Search code examples
eventssaslaglead

SAS: Marking next and previous observations with conflicts


I want to create dummies in SAS. My plan is, everytime AnnouncementDate ne . I want to make a variable called event=2 and the next one also (event=2) as well as the five previous observations 1 And all this flagged if the Previous 5 observations and the day after the announcement date are not empty. and in a by class (by stock for example)

output data

date announcementdate event conflict
1115 . . .
2115 . . .
3115 . . .
4115 . . .
5115 . . .
6115 . 1 .
7115 . 1 .
8115 . 1 .
9115 . 1 .
10115 . 1 .
11115 1115 2 .
12115 . 2 .
13115 . .
14115 . 1 .
16115 . 1 .
17115 . 1 .
18115 . 1 .
19115 . 1 .
20115 20115 2 
21115 . 1 Y
21115 . 1 Y
22115 22115 2 Y
23115 . 2 Y
24115 . .
25115 . .

If this now switches to the next stock, it should start over and not take the previous observations into account.

My current code does a lead term as I merge just the event column with firstobs=2. Anyways this 5x lag bothers me as well as the conflict when there are observations before.

data want1 ; set have;;
if announcementdate ne . then event=0;
run;

data want2; merge want1 (firstobs=2) want1 (keep=event rename= (event=event2)); 
if event2=0 then event=0; 
if event2=0 then event=event2;
run;

Thankful for any input!


Solution

  • My approach to this is to first parse the dataset to work out what the ranges would be, using _n_ as the indicator (rather than the id). Then you can build a simple start-end range and use that to build a format (well, two, one for 1 and one for 2).
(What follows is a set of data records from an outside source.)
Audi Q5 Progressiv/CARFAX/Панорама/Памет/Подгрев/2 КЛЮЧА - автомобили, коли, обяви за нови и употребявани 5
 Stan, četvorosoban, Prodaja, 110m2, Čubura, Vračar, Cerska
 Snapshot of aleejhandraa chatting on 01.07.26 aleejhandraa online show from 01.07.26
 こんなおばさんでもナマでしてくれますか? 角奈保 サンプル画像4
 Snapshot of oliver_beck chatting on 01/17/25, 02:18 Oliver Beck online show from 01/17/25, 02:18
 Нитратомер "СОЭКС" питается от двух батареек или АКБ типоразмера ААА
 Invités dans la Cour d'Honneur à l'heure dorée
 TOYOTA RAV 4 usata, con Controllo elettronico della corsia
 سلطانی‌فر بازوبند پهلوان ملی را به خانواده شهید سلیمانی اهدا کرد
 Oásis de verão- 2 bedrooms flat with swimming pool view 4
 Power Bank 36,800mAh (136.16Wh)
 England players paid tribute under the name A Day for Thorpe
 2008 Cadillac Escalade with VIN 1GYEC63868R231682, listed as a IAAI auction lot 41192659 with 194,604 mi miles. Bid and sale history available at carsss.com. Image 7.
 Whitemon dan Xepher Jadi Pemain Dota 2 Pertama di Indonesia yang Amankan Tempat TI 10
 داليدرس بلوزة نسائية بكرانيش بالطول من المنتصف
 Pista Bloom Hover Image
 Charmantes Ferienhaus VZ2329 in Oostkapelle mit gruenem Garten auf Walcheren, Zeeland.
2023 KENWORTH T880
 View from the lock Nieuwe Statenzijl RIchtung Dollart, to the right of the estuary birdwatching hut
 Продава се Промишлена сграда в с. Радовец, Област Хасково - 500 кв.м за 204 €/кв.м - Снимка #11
    Then, parse that dataset with a look-ahead merge (to grab the next value of start) and see if a conflict exists; then use your logic to define another format for conflict markers. My example includes logic for this; it may or may not match your exact needs though, so you might have to think a bit more about this logic and modify this some as it's fairly specific.

    Then you just apply the format using _n_ as the input. Make sure the original dataset doesn't get sorted, of course.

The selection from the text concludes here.